We are too excited about Posy Simmonds’s Mrs Weber’s Omnibus this October. For now, here is a Guardian interview with Posy from 2010.
‘A graphic novel is like a film. There are close-ups and long-shots. You choose the location and the props. You do the make-up and the lighting and you get the characters to act.’
A couple of months ago Posy Simmonds found herself ensconced in a French hotel suite for 48 hours being interviewed, almost continuously, by TV and radio stations. She was talking about the film version of her graphic novel Tamara Drewe, which was then about to premiere at Cannes and is now about to open in London. Her French is very good, but she still brushed up on her vocabulary to anticipate a few likely questions. “I thought they’d ask what was my favourite scene and so I prepared two answers: the attempt to get the goats to mate – ‘couplement des chèvres’ – which in fact didn’t make the final cut, and the ‘lulling the spouse’ scene – ‘endormir l’épouse’ – which did.”

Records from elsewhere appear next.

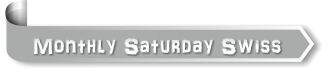 Monthly Saturday Swiss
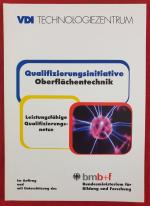 Qualifizierungsinitiative Oberflächentechnik - Leitungsfähige Qualifizierungsnetze. Band 2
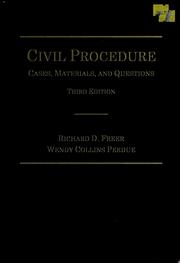 Cover of: Civil procedure: cases, materials, and questions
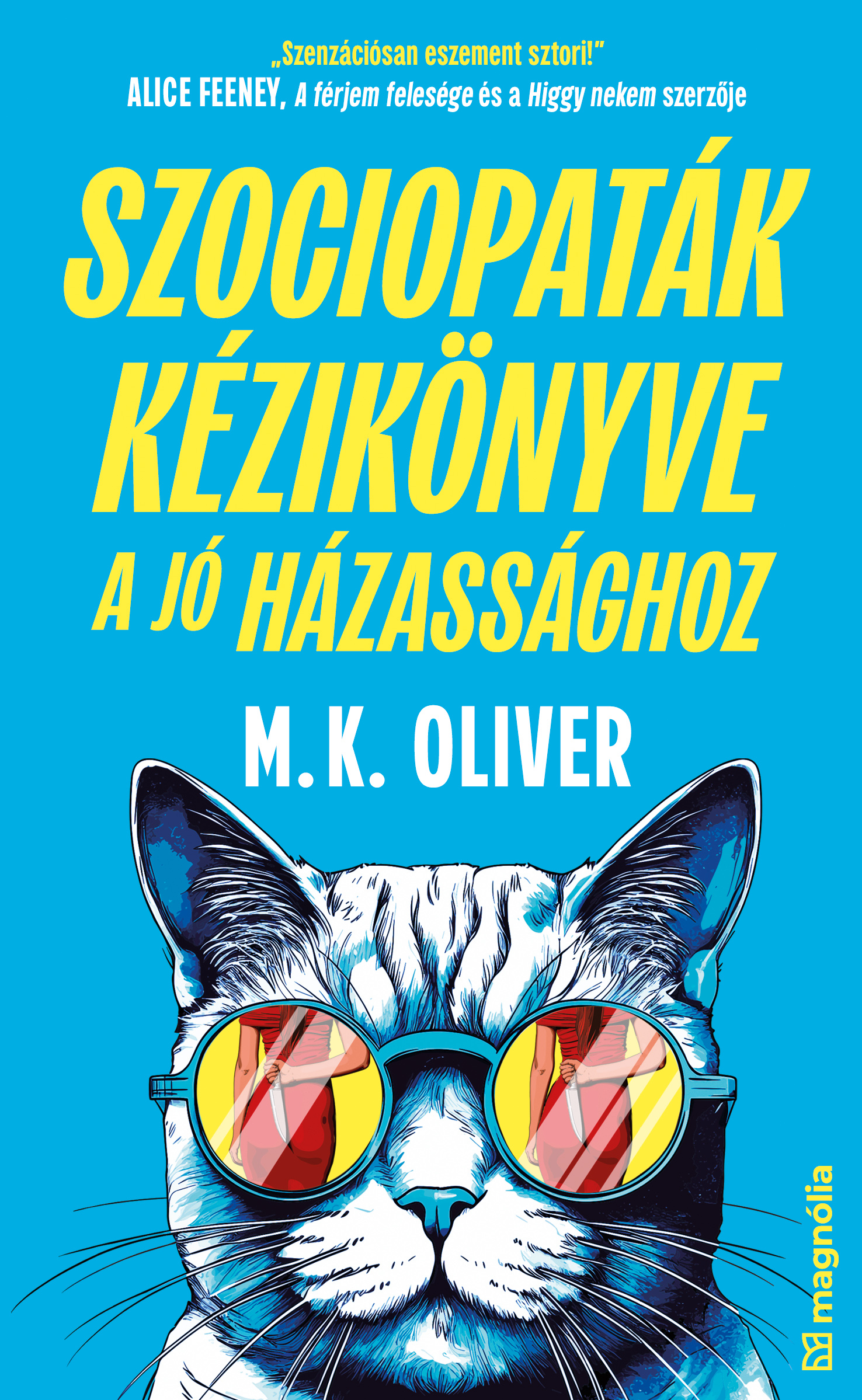 M.K. Oliver - Szociopaták kézikönyve a jó házassághoz [eKönyv: epub, mobi]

“Lulling the spouse” was a tactic devised by the detective novelist and inveterate philanderer Nicholas Hardiman, who, along with his long suffering wife Beth, runs the rural writers’ colony at the heart of Tamara Drewe. “Behind it is the idea that to avoid suspicion, you must first arouse it,” Simmonds laughs. “So you tell the spouse, rather unconvincingly, that, unexpectedly, you’re going to be very late this evening and you’ll be at mutual friend X’s house. And then you actually are at X’s house when the anxious spouse rings up, which rather puts them off checking up on you again for a while.”

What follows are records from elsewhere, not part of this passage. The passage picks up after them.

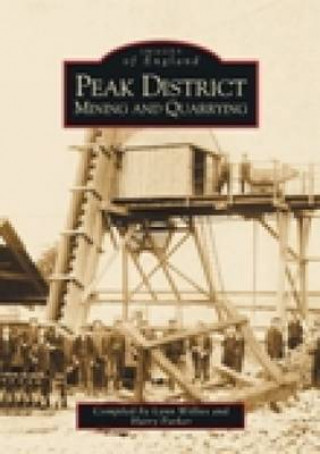 Carte Peak District Mining and Quarrying: Images of England Harry Parker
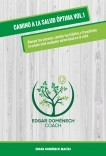 CAMINO A LA SALUD ÓPTIMA VOLUMEN 1 - ¡Rompe tus excusas, cambia tus hábitos y transforma  tu mente ante cualquier adversidad en la vida!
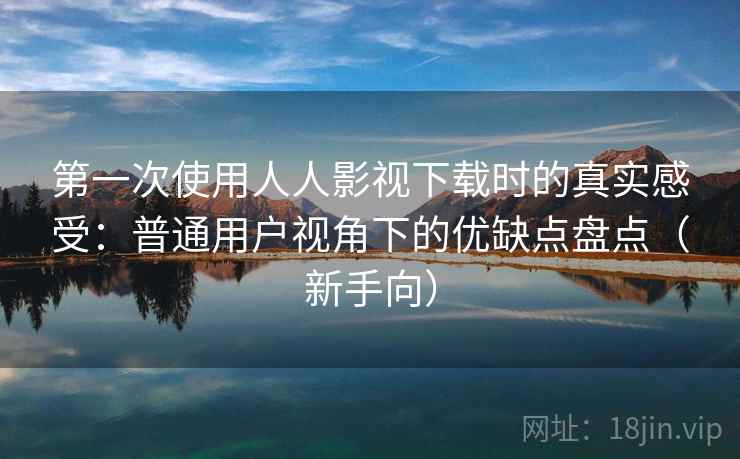 第一次使用人人影视下载时的真实感受：普通用户视角下的优缺点盘点（新手向）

No wonder Simmonds’s astute facility in anatomising the foibles of her characters has led Tamara Drewe to be described as The Archers on Viagra. It’s a neat line, but in fact her story’s literary antecedent is grander than Ambridge. And as her career has progressed her work has become progressively richer and more serious, if no less entertaining, than even the most convincingly sophisticated soap opera.